La Iglesia de Dios desempeña varios papeles en la salvación del mundo.
Es la sal de la tierra (Mateo 5:13),
La luz del mundo (vv. 14-16),
La casa o familia de Dios (Efesios 2:19; 1 Pedro 4:17),
Y la “columna y baluarte de la verdad” en un mundo espiritualmente confundido (1 Timoteo 3:15).
Examinemos las múltiples responsabilidades que Cristo dio a ese pueblo especial que es su Iglesia.
El apóstol Pablo describe la responsabilidad de la Iglesia como el “ministerio de la reconciliación”, porque “Dios estaba en Cristo reconciliando consigo al mundo, no tomándoles en cuenta a los hombres sus pecados, y nos encargó a nosotros la palabra de la reconciliación” (2 Corintios 5:18-19).
El propósito principal de Dios es juntar —reconciliar— a toda la humanidad con él. La Iglesia desempeña un papel importante en este valioso esfuerzo. Dios le ha encargado que predique cómo ocurrirá la reconciliación, y debe bautizar a los que crean este mensaje.
¿Cuándo se llevará a cabo esa reconciliación? Un concepto común pero equivocado es que Jesús comisionó a su Iglesia para que salvara al mundo en este tiempo. Pero no es eso lo que enseña la Biblia y no es lo que Pablo quiso decir en 2 Corintios 5:18-19.

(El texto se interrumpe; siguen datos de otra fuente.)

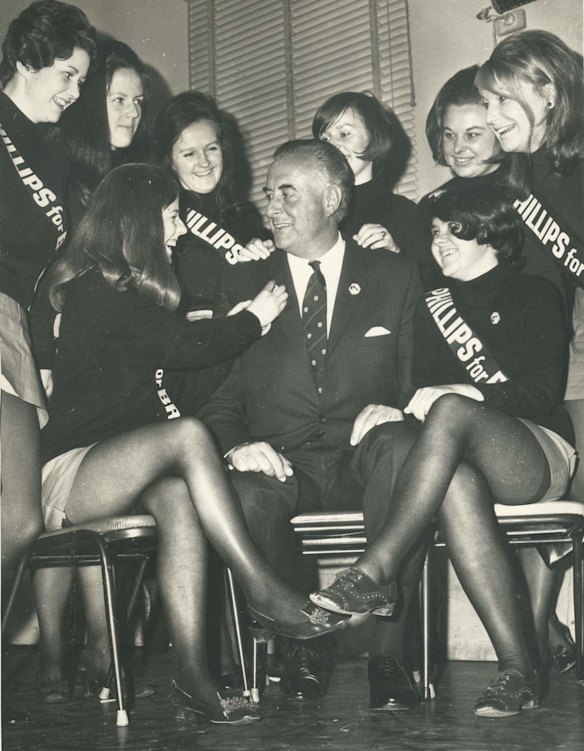 . Gough Whitlam recieves a Swing to Labor badge at the Labor Party Election Rally.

El ministerio de la reconciliación de la Iglesia es sólo el principio de una fase mucho más amplia en el plan de Dios para reconciliar consigo al mundo por medio de Jesucristo.
Dios comisionó a la Iglesia para que proclamara la salvación al mundo. Pero proclamar la enseñanza de Jesucristo acerca de la salvación es muy diferente de llevar al mundo a la salvación. Para esto último será necesario hacer que toda la humanidad se arrepienta y se convierta; ese trabajo tendrá que esperar hasta que Cristo retorne.

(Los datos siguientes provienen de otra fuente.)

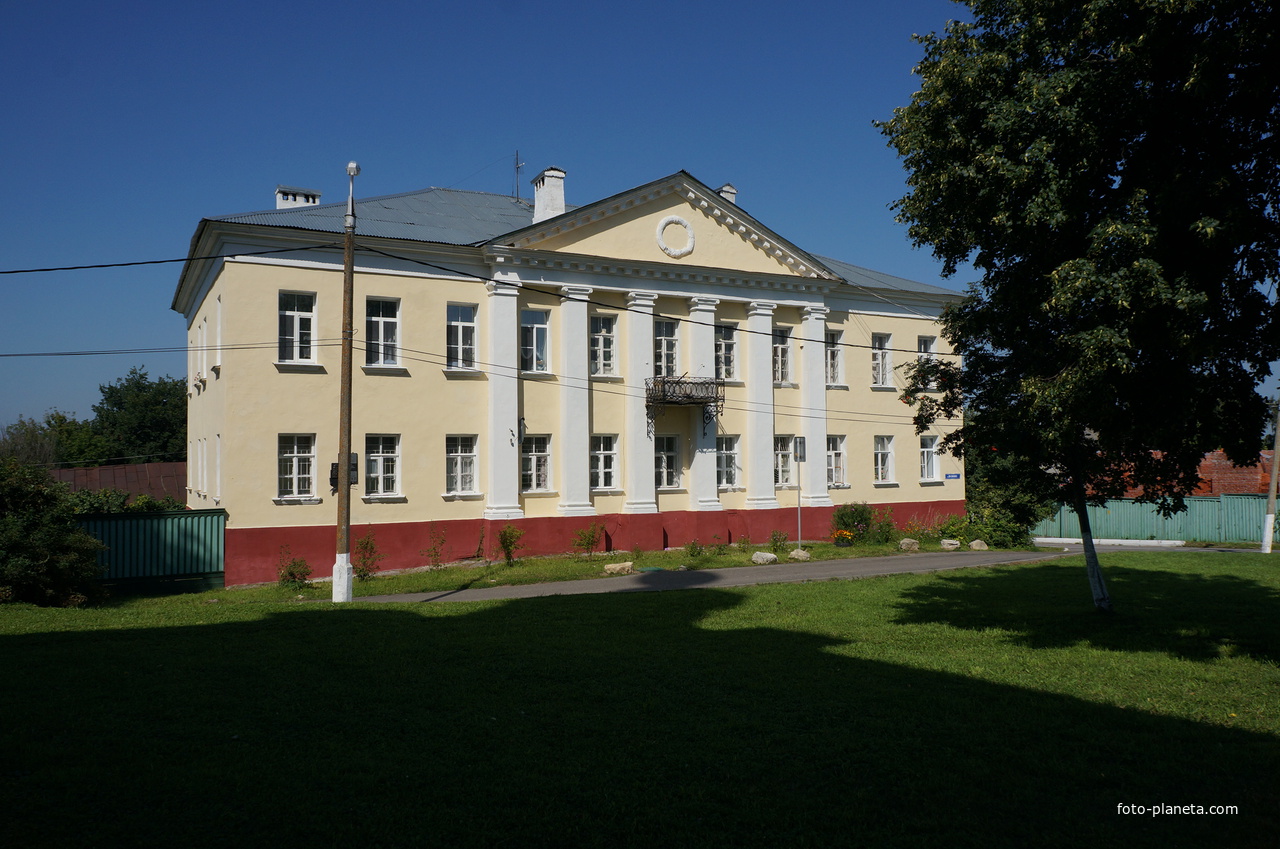 Здание Коломенского уездного училища (кон.XVIII - нач. XIX вв)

Cristo, a su retorno, empezará la reconciliación de la humanidad con Dios conduciendo al arrepentimiento a los descendientes de Jacob (Israel). En ese tiempo “todo Israel será salvo”. ¿Cómo? “Vendrá de Sion el Libertador, que apartará de Jacob la impiedad” (Romanos 11:26).
Luego de que estos descendientes de Israel hayan aprendido a obedecer como nación, “vendrán muchos pueblos, y dirán: Venid, y subamos al monte del Eterno, a la casa del Dios de Jacob; y nos enseñará sus caminos, y caminaremos por sus sendas. Porque de Sion saldrá la ley, y de Jerusalén la palabra del Eterno” (Isaías 2:3). Otro de los profetas nos dice: “Así ha dicho el Eterno de los ejércitos: En aquellos días acontecerá que diez hombres de las naciones de toda lengua tomarán del manto a un judío, diciendo: Iremos con vosotros, porque hemos oído que Dios está con vosotros” (Zacarías 8:23). La humanidad empezará a darse cuenta de que aún es necesario obedecer la ley que Dios le dio al antiguo Israel. Los hombres se desharán de sus prejuicios e incluso empezarán a guardar las fiestas bíblicas (Levítico 23).
Los que permanezcan en actitud rebelde, pronto tendrán que enfrentarse a terribles circunstancias porque Dios impedirá que haya lluvia en sus campos hasta que cambien su actitud: “Todos los que sobrevivieren de las naciones que vinieron contra Jerusalén, subirán de año en año para adorar al Rey, al Eterno de los ejércitos, y a celebrar la fiesta de los tabernáculos. Y acontecerá que los de las familias de la tierra que no subieren a Jerusalén para adorar al Rey, el Eterno de los ejércitos, no vendrá sobre ellos lluvia” (Zacarías 14:16-17).
Como Cristo conoce muy bien la naturaleza humana, hará lo que sea necesario en ese tiempo para cambiar el modo de pensar de la gente y así conducirla al arrepentimiento. Pero esto no se hará hasta después de que él haya retornado.
Aunque la Iglesia debe proclamar un mensaje al mundo en el que está incluido un llamado al arrepentimiento, en las Escrituras se nos dice que serán muy pocas las personas que verdaderamente se arrepientan antes de la venida de Cristo. Por lo tanto, la responsabilidad de la Iglesia no es conducir a todo el mundo al arrepentimiento en este tiempo.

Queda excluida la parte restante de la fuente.